=== Task prompt ===
Starting with the line where "Hermès（爱马仕）Mini kelly 迷你凯莉" appears, print every line through the end of the entries below exactly as it stands, and leave out the pictures.

[Extracted records]
----
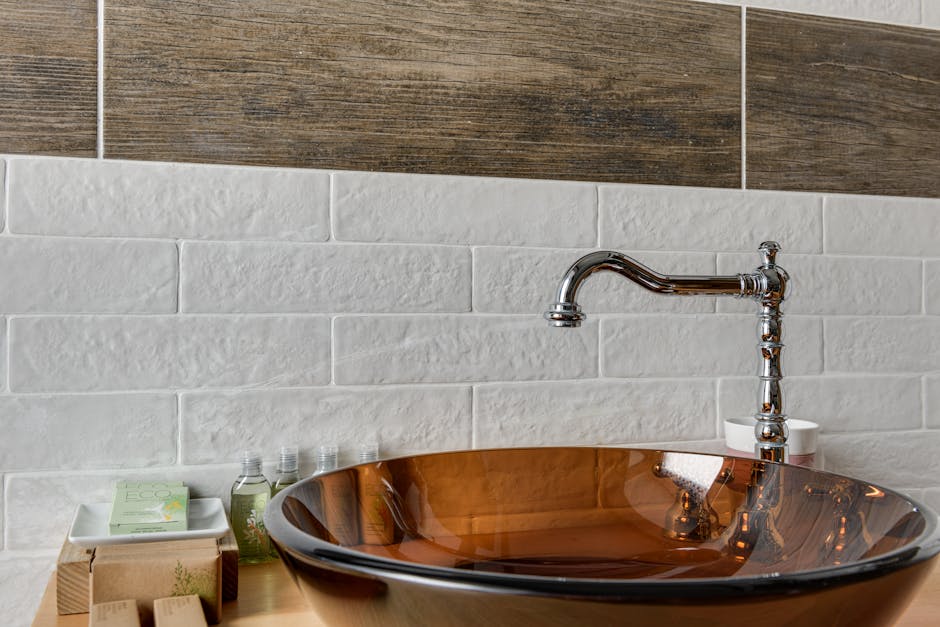 Stylish and water-saving faucet - bathrooms remodeling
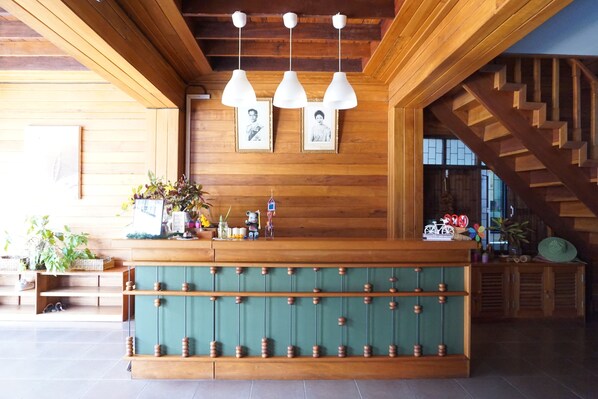 Reception - Phu Chiangkhan (Chiang Khan)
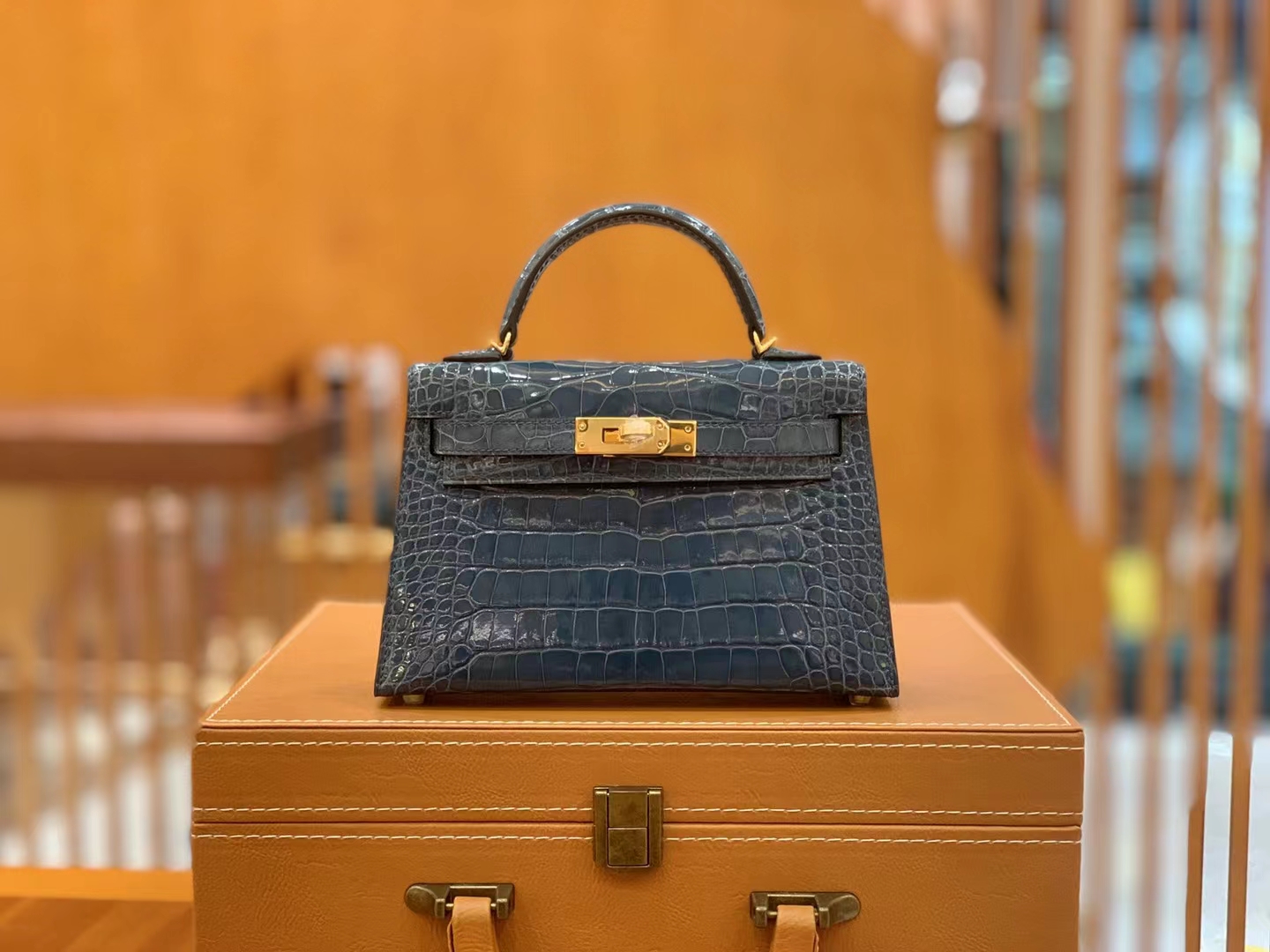 Hermès（爱马仕）Mini kelly 迷你凯莉 鸭仔蓝 进口美洲鳄鱼皮 金扣 二代 原版蜜蜡线 顶级手缝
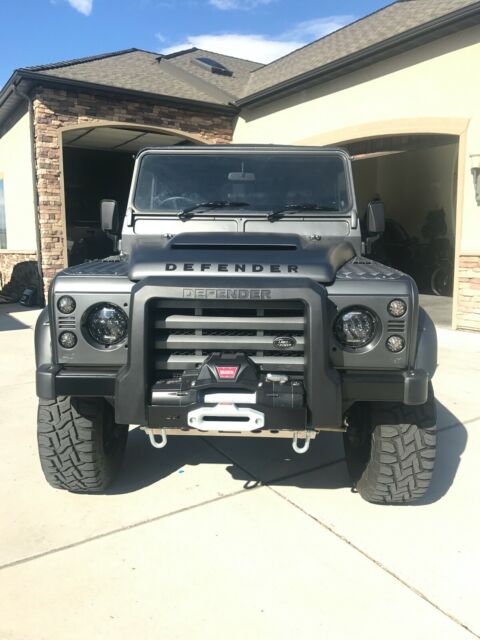 Land Rover Defender 1901 image number 2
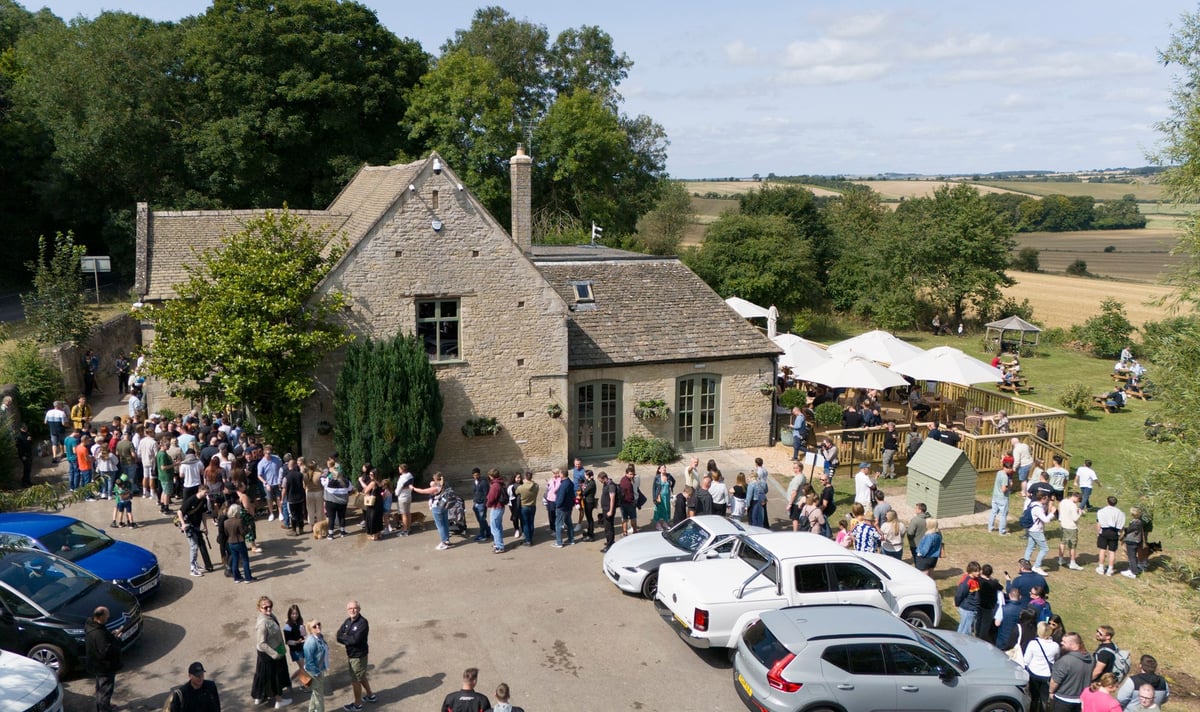 YouTuber reviews both Jeremy Clarkson and James May's pubs - who comes out on top?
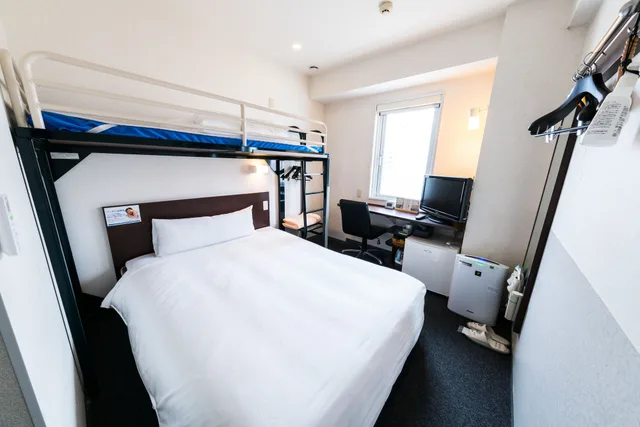 Super, 1 Double and 1 Single Bed, Smoking، Super Hotel Naha Shintoshin 3/9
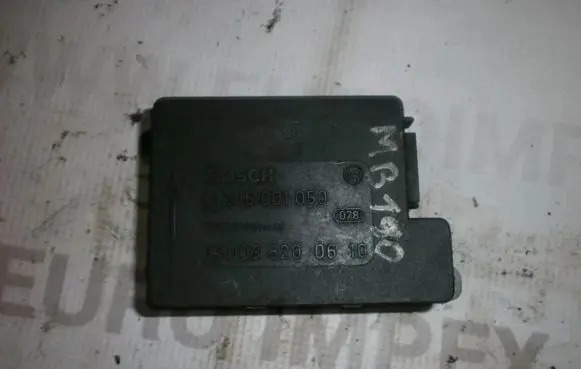 Mercedes-Benz E W124 Airbag control unit/module 0285001050 0038200610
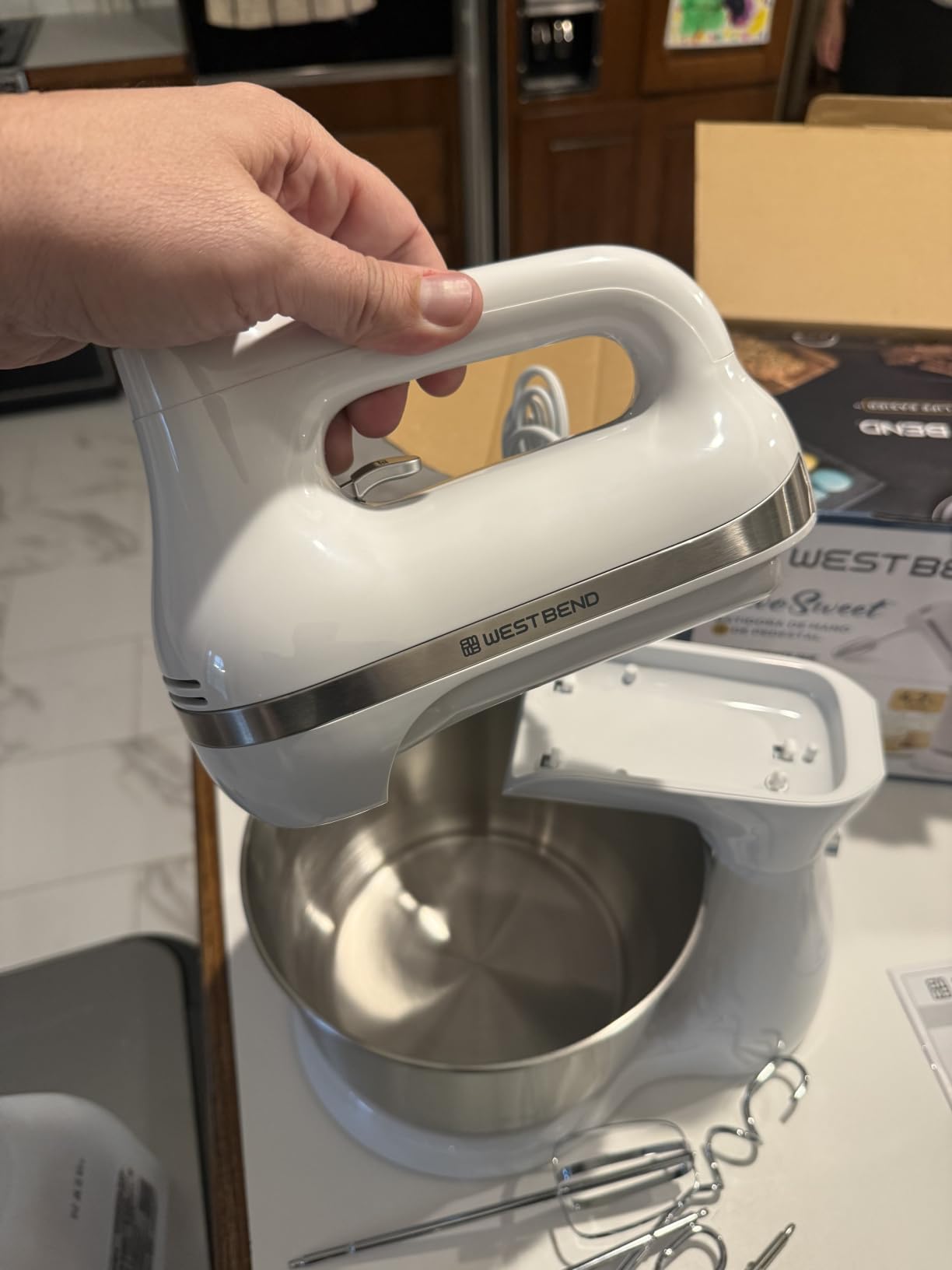 West Bend Two Sweet 2-in-1 Hand & Stand Mixer, 11 Speeds with Turbo Boost, 4.4 Qt Rotating Bowl, Dough Hooks, Beaters & Whisk, Tilt-Head Design, 550 Peak Watts customer photo 1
----
=== Answer box ===
 Hermès（爱马仕）Mini kelly 迷你凯莉 鸭仔蓝 进口美洲鳄鱼皮 金扣 二代 原版蜜蜡线 顶级手缝
 Land Rover Defender 1901 image number 2
 YouTuber reviews both Jeremy Clarkson and James May's pubs - who comes out on top?
 Super, 1 Double and 1 Single Bed, Smoking، Super Hotel Naha Shintoshin 3/9
 Mercedes-Benz E W124 Airbag control unit/module 0285001050 0038200610
 West Bend Two Sweet 2-in-1 Hand & Stand Mixer, 11 Speeds with Turbo Boost, 4.4 Qt Rotating Bowl, Dough Hooks, Beaters & Whisk, Tilt-Head Design, 550 Peak Watts customer photo 1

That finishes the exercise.